Standard-dose (SD) cytarabine arabinoside (Ara-C) combined with anthracyclines (i.e., “7 + 3” scheme) is the most commonly used AML induction protocol. The literature of high-dose (HD) Ara-C used for AML chemotherapy was first published in 1985. Several randomized trials were performed; the majority failed to draw a conclusion of significant efficacy improvement, as reported during 1991–2011.¹¹ However, prolonged follow-up time subsequently identified subsets of patients benefiting from HD-Ara-C, like AML with t(8;21)¹² and Ras-pathway mutations.¹³ Furthermore, most of the earlier studies did not comprehensively integrate the genomics-based prognostication scheme. Thus, the conclusions could not reflect the concept of risk-adapted therapy using HD-Ara-C. Development of massively parallel sequencing methodology has increasingly emphasized the risk-stratification oriented mode of treatment.

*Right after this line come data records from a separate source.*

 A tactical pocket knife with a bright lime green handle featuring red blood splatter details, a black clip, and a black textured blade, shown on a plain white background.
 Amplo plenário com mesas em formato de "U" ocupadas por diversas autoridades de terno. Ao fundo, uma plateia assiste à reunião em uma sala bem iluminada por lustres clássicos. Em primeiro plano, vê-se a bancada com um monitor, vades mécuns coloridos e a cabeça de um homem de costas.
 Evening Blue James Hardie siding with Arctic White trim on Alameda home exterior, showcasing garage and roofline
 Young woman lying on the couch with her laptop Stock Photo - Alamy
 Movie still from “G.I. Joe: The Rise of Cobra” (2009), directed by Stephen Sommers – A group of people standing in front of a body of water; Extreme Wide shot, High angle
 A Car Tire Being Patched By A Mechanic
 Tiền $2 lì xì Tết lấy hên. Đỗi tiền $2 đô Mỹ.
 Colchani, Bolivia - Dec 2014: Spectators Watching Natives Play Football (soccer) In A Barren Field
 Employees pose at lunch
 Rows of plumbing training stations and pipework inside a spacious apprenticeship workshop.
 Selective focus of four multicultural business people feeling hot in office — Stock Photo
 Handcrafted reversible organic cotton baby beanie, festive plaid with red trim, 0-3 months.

It has reported that the cellular uptake of Ara-C was insufficient in FLT3-ITD⁽⁺⁾ K562 cells, with no significant changes of intracellular deoxycytidine kinase (DCK) and cytidine deaminase (CDA) responsible for metabolism of Ara-C, and transcription level of multidrug resistance protein 1 (MDR1) related to drug efflux.¹⁴ Another study described that FLT3-ITD decreased the expression of equilibrative nucleoside transporter 1 (ENT1) by upregulating hypoxia inducible factor-1 alpha subunit (HIF-1α), compromising Ara-C uptake by leukemic cells. In addition, FLT3-ITD also drives a specific Ara-C resistance mechanism via the downstream molecule RUNX3.¹⁵ In view of the linkage between FLT3-ITD⁽⁺⁾ with distinctive Ara-C insensitivity, we wonder whether increasing Ara-C in the induction period can improve outcome of NPM1^mut/FLT3-ITD⁽⁺⁾ populations. According to a review regarding dose-efficacy relationship of Ara-C, a level of ID-Ara-C in each treatment cycle in AML is sufficient, while HD-Ara-C seems to be of little significance.¹¹

In this study, we retrospectively analyzed the clinical characteristics of NPM1^mut patients and data of next-generation sequencing (NGS) mutation spectrum concerning 112 genes related to blood disease, synthetically including SD-Ara-C 100–200 mg/m² or ID-Ara-C 1000–2000 mg/m² induction as covariates. We aimed to refine patient subsets carrying potentially poor remission and prognostic characters from this relatively favorable AML subtype, to guide further risk-adapted treatment.

2 PATIENTS AND METHODS

3 RESULTS

3.1 Selection of patients for outcome analysis

We selected a total of 238 NPM1^mut AML patients (105 men and 133 women; median age, 49 years; range, 15–81 years). Among them, 203 NPM1^mut patients who met the following three criteria were included in the remission and prognosis analysis. First, low-dose and no treatment patients were excluded. Only patients who received SD- or ID-Ara-C containing induction regimen were included. As of the time of writing, patients attaining CR who were induced with one or two cycles had undergone at least one cycle of ID- or HD-Ara-C consolidation. Second, favorable- and adverse-risk karyotypes were excluded. Only NK and intermediate-risk abnormal karyotypes were included. Four patients lack of metaphase were screen by fluorescence in situ hybridization and 43 kinds of fusion transcripts, which ruled out recurrent chromosomal translocations. They were mostly likely NK or intermediate-risk abnormal karyotypes because of the very low probability of complex or monosomy karyotypes. The four patients also participated in the analysis. Third, NPM1^mut missense mutations were excluded. Only those with the insertions/deletions (indels) type were included. Additionally, among 10 NPM1^mut missense cases detected in our study, outcome analysis included two cases with NPM1^mut missense who each occurred concomitant with a type-A mutation. The remaining eight cases with NPM1^mut missense were excluded. The flowchart of the selected and excluded cases for the outcome analysis is presented in Figure 1.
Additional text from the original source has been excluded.